_MATERIAL SUPPLIED_:
========
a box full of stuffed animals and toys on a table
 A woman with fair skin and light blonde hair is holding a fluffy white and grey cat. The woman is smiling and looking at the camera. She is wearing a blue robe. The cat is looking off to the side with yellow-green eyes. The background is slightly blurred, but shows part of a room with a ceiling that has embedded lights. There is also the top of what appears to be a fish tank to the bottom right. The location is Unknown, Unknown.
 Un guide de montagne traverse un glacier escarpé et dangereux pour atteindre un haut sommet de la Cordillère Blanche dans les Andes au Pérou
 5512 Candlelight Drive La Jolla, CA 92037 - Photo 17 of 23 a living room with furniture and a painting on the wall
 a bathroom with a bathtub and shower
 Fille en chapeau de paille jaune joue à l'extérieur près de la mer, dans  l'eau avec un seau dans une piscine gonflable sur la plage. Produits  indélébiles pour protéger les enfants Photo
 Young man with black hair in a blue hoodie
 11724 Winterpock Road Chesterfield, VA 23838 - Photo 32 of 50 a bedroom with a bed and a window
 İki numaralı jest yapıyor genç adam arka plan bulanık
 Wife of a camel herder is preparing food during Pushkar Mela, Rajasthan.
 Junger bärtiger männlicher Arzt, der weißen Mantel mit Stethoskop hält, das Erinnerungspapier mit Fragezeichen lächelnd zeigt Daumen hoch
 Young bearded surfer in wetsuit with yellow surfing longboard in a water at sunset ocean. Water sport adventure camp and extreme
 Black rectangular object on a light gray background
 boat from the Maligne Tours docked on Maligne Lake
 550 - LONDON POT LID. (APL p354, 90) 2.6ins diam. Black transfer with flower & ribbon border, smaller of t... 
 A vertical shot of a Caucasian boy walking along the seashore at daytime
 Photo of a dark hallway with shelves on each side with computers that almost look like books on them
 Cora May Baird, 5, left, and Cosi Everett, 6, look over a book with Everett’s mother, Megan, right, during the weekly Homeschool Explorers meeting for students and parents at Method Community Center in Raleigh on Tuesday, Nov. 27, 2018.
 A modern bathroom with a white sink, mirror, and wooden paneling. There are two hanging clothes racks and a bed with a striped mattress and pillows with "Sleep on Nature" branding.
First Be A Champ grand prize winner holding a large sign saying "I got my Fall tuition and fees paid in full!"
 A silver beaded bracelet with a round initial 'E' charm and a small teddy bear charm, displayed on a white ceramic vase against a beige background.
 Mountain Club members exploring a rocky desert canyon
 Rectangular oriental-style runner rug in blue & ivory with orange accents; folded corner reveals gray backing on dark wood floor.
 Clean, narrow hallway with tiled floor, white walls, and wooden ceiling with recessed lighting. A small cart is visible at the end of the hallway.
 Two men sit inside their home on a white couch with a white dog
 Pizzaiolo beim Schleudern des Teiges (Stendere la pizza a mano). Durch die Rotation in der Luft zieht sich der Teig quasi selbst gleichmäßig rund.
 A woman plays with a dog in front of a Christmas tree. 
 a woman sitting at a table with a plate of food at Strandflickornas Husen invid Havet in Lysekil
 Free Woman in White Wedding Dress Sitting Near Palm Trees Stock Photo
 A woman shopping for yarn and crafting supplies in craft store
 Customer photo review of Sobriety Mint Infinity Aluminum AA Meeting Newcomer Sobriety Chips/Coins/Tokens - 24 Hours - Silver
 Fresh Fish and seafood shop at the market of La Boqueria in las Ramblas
========
_ACTIVITY_:
The entries above hold a line with "550 - LONDON" and a later line with "A modern bathroom". Write out exactly those lines and all lines between, nothing more.

_RESPONSE BELOW_:
 550 - LONDON POT LID. (APL p354, 90) 2.6ins diam. Black transfer with flower & ribbon border, smaller of t... 
 A vertical shot of a Caucasian boy walking along the seashore at daytime
 Photo of a dark hallway with shelves on each side with computers that almost look like books on them
 Cora May Baird, 5, left, and Cosi Everett, 6, look over a book with Everett’s mother, Megan, right, during the weekly Homeschool Explorers meeting for students and parents at Method Community Center in Raleigh on Tuesday, Nov. 27, 2018.
 A modern bathroom with a white sink, mirror, and wooden paneling. There are two hanging clothes racks and a bed with a striped mattress and pillows with "Sleep on Nature" branding.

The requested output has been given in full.